Autumn tasks in detail (September – October)
September is arguably the most important month of the lawn calendar. The combination of warm soil, reduced evaporation and moderate air temperatures creates ideal conditions for the three most impactful lawn improvement tasks of the year: scarifying, overseeding and feeding with an autumn formulation. Miss the September window and most of these tasks either cannot happen until spring or produce significantly worse results than they would in the optimal conditions that September reliably provides across most of the UK.
Scarify in early to mid September to remove thatch and dead material accumulated through the growing season. Follow immediately with overseeding using a suitable grass seed mix – the disturbed soil from scarifying creates excellent seed-to-soil contact and September soil temperatures support good germination. Apply an autumn lawn feed (low nitrogen, high potassium and phosphorus) in September or early October to harden the grass for winter and promote root development rather than soft leafy growth that would be vulnerable to frost and disease.
Winter tasks in detail (November – February)
The lawn needs very little attention in winter but a few habits make a significant difference to its condition the following spring. Rake fallen leaves regularly throughout November and December – a mat of wet leaves left on the lawn excludes light and creates the humid conditions that fungal disease thrives in, leaving yellow patches that take weeks to recover in spring. If the lawn is still growing in early November, a final light mow at a high setting tidies it going into winter without stressing the plant.
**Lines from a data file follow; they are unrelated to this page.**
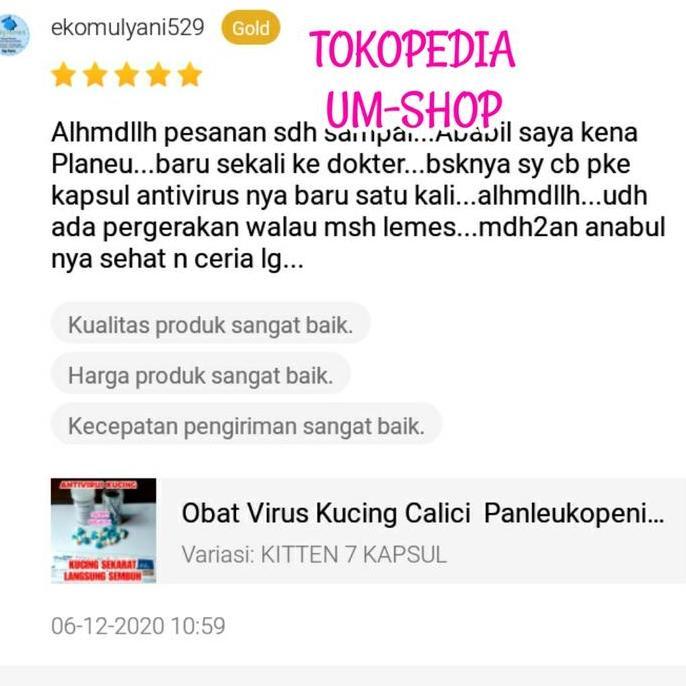 Zesukei- Obat Antivirus Kucing Calici Distaper Virus Panleukopenia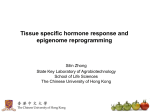 Tissue specific hormone response and epigenome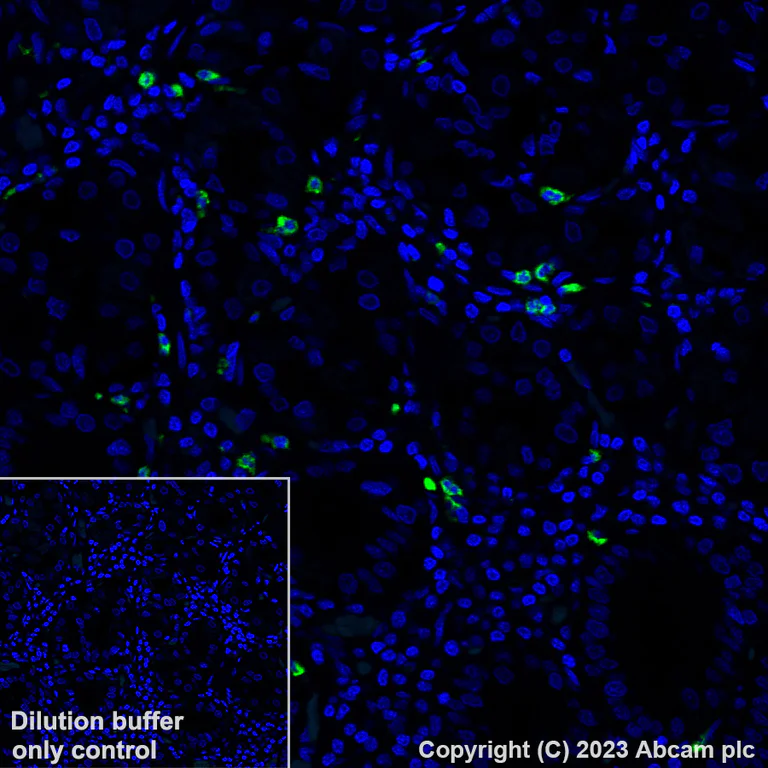 Immunohistochemistry (Formalin/PFA-fixed paraffin-embedded sections) - Alexa Fluor® 488 Anti-NALP12/NLRP12 antibody [EPR26985-39] (AB315956)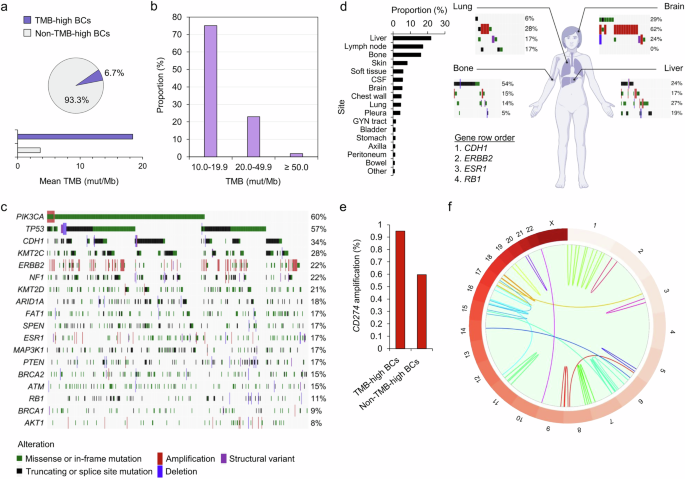 Genomic characterization of tumor mutational burden-high breast carcinomas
Check that soil drainage is functioning properly after heavy rain; persistent standing water in winter is a sign of compaction that will need addressing with aeration in spring.
Stay off the lawn during frost and waterlogged conditions. Frozen grass blades shatter rather than bend under foot pressure, and footprints in waterlogged turf compact the soil and damage the root structure – the flattened zones drain poorly and become the areas most prone to moss and disease the following spring. Even a single crossing of a frosted lawn leaves marks that remain visible for weeks after conditions improve.
Use the winter months productively without touching the lawn itself. Service and sharpen mower blades – a blunt blade tears grass rather than cutting it cleanly, which weakens the plant and creates the ragged brown tips that make a lawn look poor through the growing season. Check and oil garden tools, order grass seed and lawn feed in readiness for March so you have everything to hand when conditions are right, and plan any changes or improvements to the lawn layout, edges or drainage for the coming season. The few hours spent on preparation in January and February pay dividends from the first cut onwards. A lawn that starts March with sharp mower blades, the right products already in the shed and good autumn conditioning is halfway to a great result before a single task is carried out.